C FIN INT INV (00721.HK) Plans HK$98.78 Million Fund-raising via Discounted Share Placement and Non-listed Warrants

Bulletin Express03-11

China Financial International Investments Limited (C FIN INT INV, 00721.HK) announced three capital-raising arrangements on 11 March 2026 after market close:

1. Specific-mandate share subscription • Phancy International Ltd. (a wholly-owned unit of AI firm Phancy Group, 6682.HK) will subscribe for 2.19 billion new shares at HK$0.04 each. • The price represents a 29.82% discount to the 11 March closing price of HK$0.057 and a 26.47% discount to the five-day average of HK$0.0544. • Post-issue, the subscriber will hold 16.67% of the enlarged share capital (assuming no other changes). • Gross proceeds: HK$87.77 million; net proceeds: HK$87.27 million.

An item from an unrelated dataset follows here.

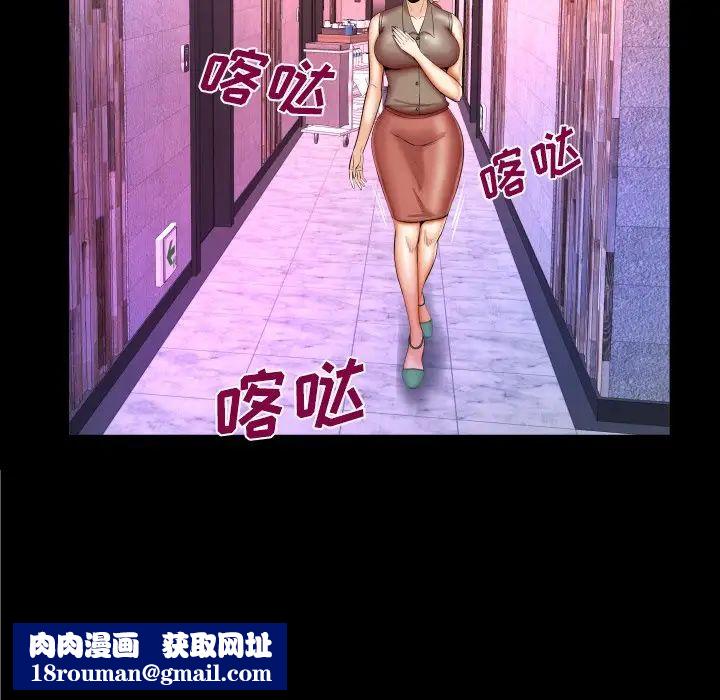 与婶婶的秘密第50话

2. Issuance of 2.50 billion unlisted warrants • Three subscribers will acquire warrants at HK$0.005 each: – Phancy International Ltd.: 1.60 billion units – Warrant Subscriber II (existing 18.23% shareholder Huang Shiying via controlled entities): 0.60 billion units – Warrant Subscriber III (associate of Subscriber II): 0.30 billion units • Exercise price: HK$0.058; effective issue price (issue plus exercise): HK$0.063, a 10.53% premium to the last close and 15.81% above the five-day average. • Upon full exercise, 2.50 billion new shares would be issued, equal to 15.97% of fully diluted share capital. • Gross proceeds on issue: HK$12.51 million; net proceeds: HK$11.51 million. Additional HK$145.09 million would be raised if all warrants are exercised.

3. Connected-transaction status • Warrant Subscriptions II and III constitute connected transactions under Chapter 14A as Subscriber II is a substantial shareholder (18.23%) and Subscriber III is his associate. Independent shareholders must approve these at a special general meeting (SGM). • Subscriber II and associates will abstain from voting.

Use of proceeds • First tranche (net HK$98.78 million): 85% earmarked for investments in financial and virtual assets; 15% for general working capital. • Second tranche (net HK$145.00 million upon full exercise): same allocation ratio.

Shareholding impact • Current issued shares: 10.97 billion. • After the subscription: 13.17 billion shares; public float falls to 68.14%. • After full warrant exercise: 15.67 billion shares; public float would be 57.26%.

Regulatory steps • Share and warrant issues require specific mandates, listing approval for underlying shares, and separate SGM resolutions. • An independent financial adviser will opine on the connected-party warrants.

The share subscription and Warrant Subscription I are inter-conditional; all transactions target completion by 12 June 2026, subject to customary conditions. Shareholders and potential investors are advised to exercise caution when dealing in the shares.